Copper Premium Rises in London on Concern About Supply as Stockpiles Drop

The premium demanded for immediate copper supplies rose for a second day after a drop in stockpiles monitored by the London Metal Exchange increased concern about the availability of metal.

The cash contract, for delivery in two days, traded at $50 a metric ton more than the benchmark three-month contract by 3:54 p.m. in London. The premium rose as high as $74 on Dec. 1, the most since October 2008. That pricing structure, known as backwardation, indicates concern about near-term supply.

One unidentified company holds 50 percent to 79 percent of the LME-monitored stockpiles, data from the bourse shows. That position appeared on Nov. 19. The three-month contract fell for the next three days. Even at 79 percent of the LME stockpiles, the holding would still only be equal to about 1.4 percent of global refined supply estimated by the International Copper Study Group at 19.28 million tons this year.

The dominant position “is supportive of prices, but I don’t think it’s a major part,” said Kevin Tuohy, a metals trader at MF Global U.K. Ltd. in London. “There is a physical shortage that everyone thinks is going to get worse before it gets better.”

Inventory in warehouses monitored by the bourse declined for a second day, heading for a 42nd consecutive weekly drop. This year’s 30 percent decline in stockpiles, the most since 2004, is compounding anticipated shortages. Demand will outpace supply by 367,500 tons next year, enough for wires, pipes and appliances in about 1.8 million U.S. homes, according to the median forecast of 12 analysts surveyed by Bloomberg last week.

‘Not Unusual’

The current situation in copper is “not unusual and the exchange is exercising its well established procedures for maintaining an orderly market,” the LME’s Deputy Chief Executive Officer Diarmuid O’Hegarty said in a comment e-mailed by the exchange. Bourse rules oblige holders of dominant positions in stockpiles to lend metal at fixed rates.

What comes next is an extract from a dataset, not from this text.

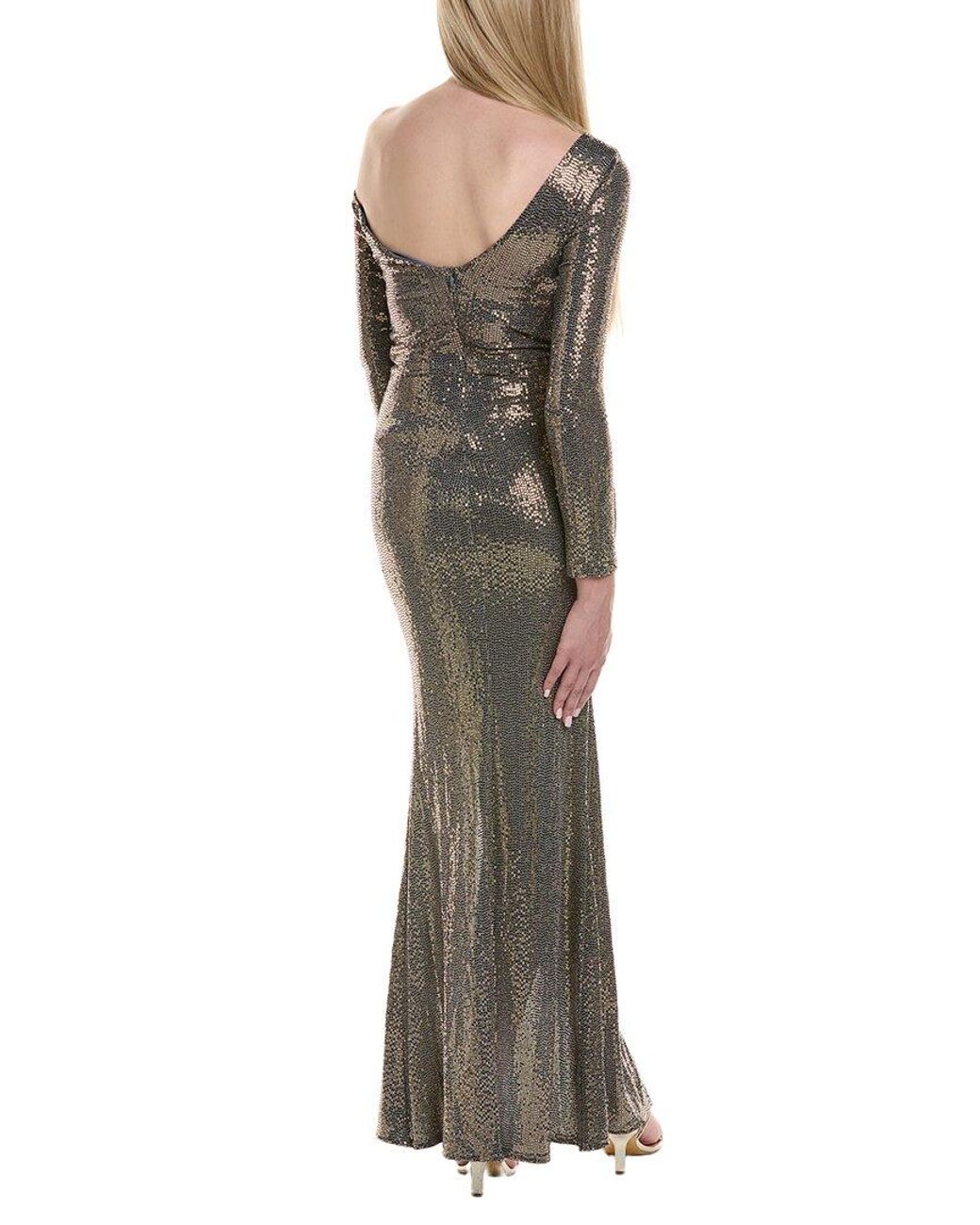 Issue New York Metallic Sequin Maxi Dress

One party last held a position this big in copper for about a month from Nov. 18, 2009, the data show. The cash contract traded at a discount during that period.

JPMorgan Chase & Co. is holding the dominant position in copper, the Daily Telegraph reported on Dec. 3, citing unidentified people.

“As one of the leading firms in base metals and as a Category 1 ring dealing member of the LME, we are expected to make markets for our clients,” said Brian Marchiony, a London- based spokesman for the bank. He declined to comment on specific trading positions.

Physical Copper

JPMorgan said in October it planned to introduce a U.S. exchange-traded fund backed by physical copper. BlackRock Inc., the world’s biggest money manager, also announced plans to start such funds. ETF Securities Ltd. said funds backed by metals including copper will start trading in London on Dec. 10.

Dominant positions also exist in other LME metals, bourse data show. One unidentified firm holds 80 percent to 89 percent of the aluminum alloy stockpiles and one party controls 50 percent to 79 percent of the nickel inventory. In tin, one company has 40 percent to 49 percent of the metal and in zinc one firm has 30 percent to 39 percent.

Copper prices on the exchange suggest the dominant position is likely to be closer to 50 percent than 79 percent, said Leon Westgate, a London-based analyst at Standard Bank. The spread between the cash contract and the three-month benchmark would indicate about 180,000 tons of available metal, or about half the 351,375 tons reported today by the LME, he said.

“The LME is very experienced in handling these issues discreetly and efficiently and we have little concern that this current situation will dissolve in the same way as all the others have in the past,” Alex Heath, head of industrial-metals trading at Royal Bank of Canada Europe Ltd. in London, wrote in a report.